Одновременно русско-японская война ускорила процесс дальнейшего размежевания сил в либерализме. Дело в том, что освобожденцы в целях создания единого фронта освободительного движения вступили в переговоры с представителями революционных партий и организаций. 30 сентября – 2 октября 1904 г. в Париже состоялась конференция оппозиционных и революционных партий. Помимо членов «Союза освобождения» (П. Н. Милюков, П. Б. Струве, кн. Петр Д. Долгоруков, В. Я. Богучарский), на конференции присутствовали представители семи политических партий и организаций: Партия социалистов-революционеров (В. М. Чернов и Е. Азеф), Польская социалистическая партия (В. Иодко-Наркевич, Б. Анджеевский, К. Келлес-Крауз), Латышская социал-демократическая партия (Ф. Озолс), Грузинская партия социалистов-федералистов-революционеров (Г. Деканозов, Габуния), Армянская революционная федерация (М. Варанданян), Польская национальная лига (З. Балицкий и Р. Дмовский), Финская партия активного сопротивления (К. Циллиакус и А. А. Неовиус).

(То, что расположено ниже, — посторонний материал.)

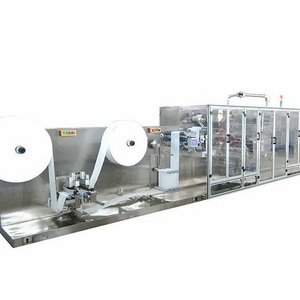 Automatic Canister Spunlace Non-Woven Fabric Wet Wipes Roll Slitting Cutting Rewinding Machine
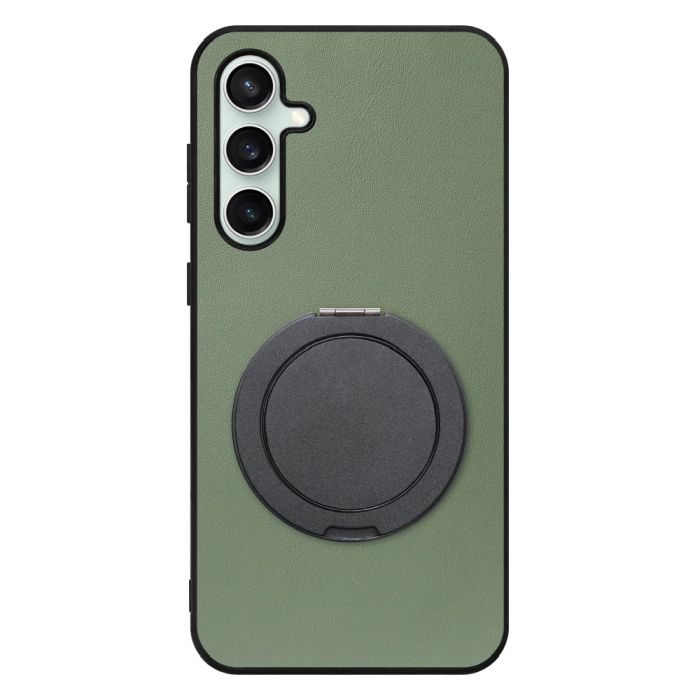 [ LOOF RING-SHELL (シンプル Ver.) ] Galaxy S23 FE s23fe スマホケース 背面 ケース カバー ハードケース スマホリング リング付き 本革 ストラップホール [ Galaxy S23 FE ]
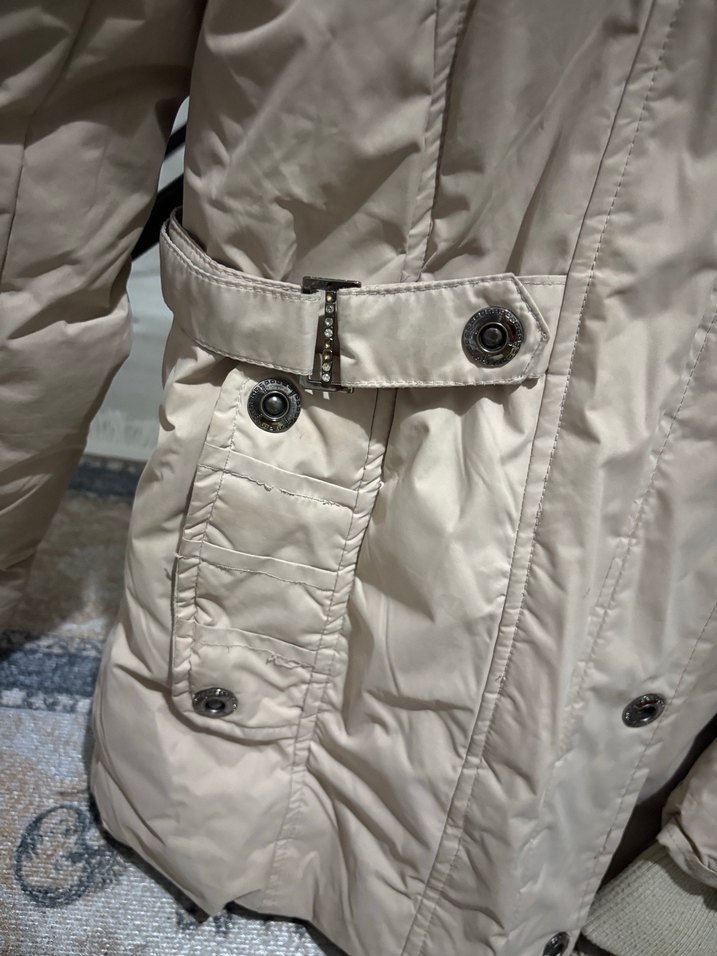 Bej Kürklü Kadın Kışlık Ceket - Görsel 3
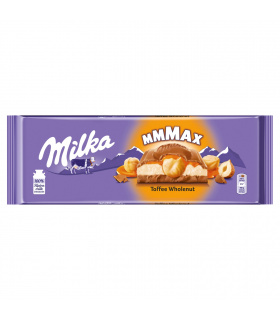 Milka Czekolada mleczna toffi z całymi orzechami laskowymi 300 g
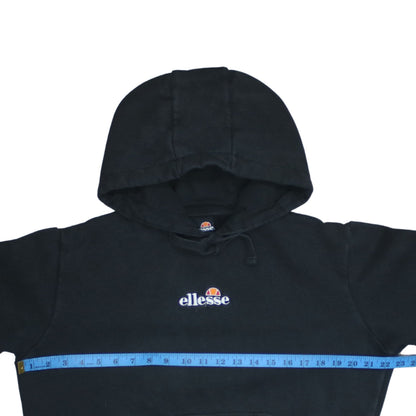 Mens UK Size M ellesse Black Pullover Hoodie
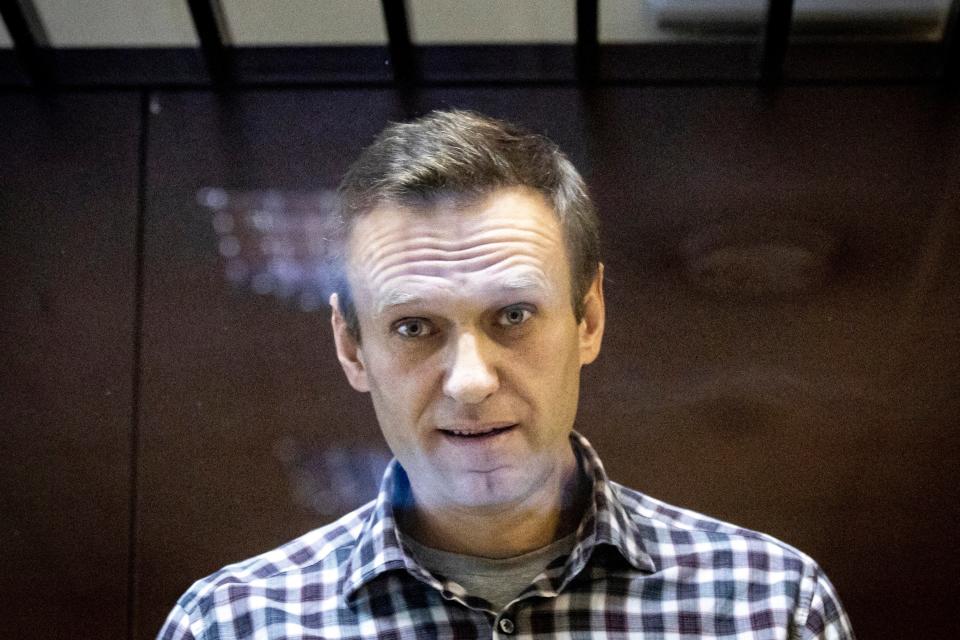 Kremlin critic Alexei Navalny said new charges had been opened against him (Copyright 2021 The Associated Press. All rights reserved.)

Учитывая, что сложный и противоречивый процесс подготовки и работы данной конференции обстоятельно освещен в монографии К. Ф. Шацилло103, остановлюсь на итоговых документах, принятых участниками этого необычного партийного форума. Декларация оппозиционных и революционных организаций, опубликованная в № 17 «Листка “Освобождения”», содержала в себе три базовых требования, признанных общими для всех подписавших ее партий и организаций: 1) уничтожение самодержавия; отмена всех мер, нарушивших конституционные права Финляндии; 2) замена самодержавного строя свободным демократическим режимом, избранным на основе всеобщей подачи голосов; 3) право национального самоопределения, гарантированная законами свобода национального развития для всех народностей; устранение насилия со стороны русского правительства по отношению к отдельным нациям. Во имя этих основных принципов и требований, подчеркивалось в Декларации, участники конференции «соединяют свои усилия для ускорения неизбежной гибели абсолютизма, одинаково несовместимого с достижением всех тех дальнейших разнообразных целей, которые ставит себе каждая из этих партий». Для координации действий было решено создать в России Посредническое бюро, задача которого сводилась исключительно к «организации сношений и передачи известий». Однако Бюро не имело право «руководить действиями партий, в нем участвующих». Как видим, участники Парижской конференции, согласившись с «общими принципами и требованиями», предпочли сохранить «свободу рук» в определении тактики их достижения.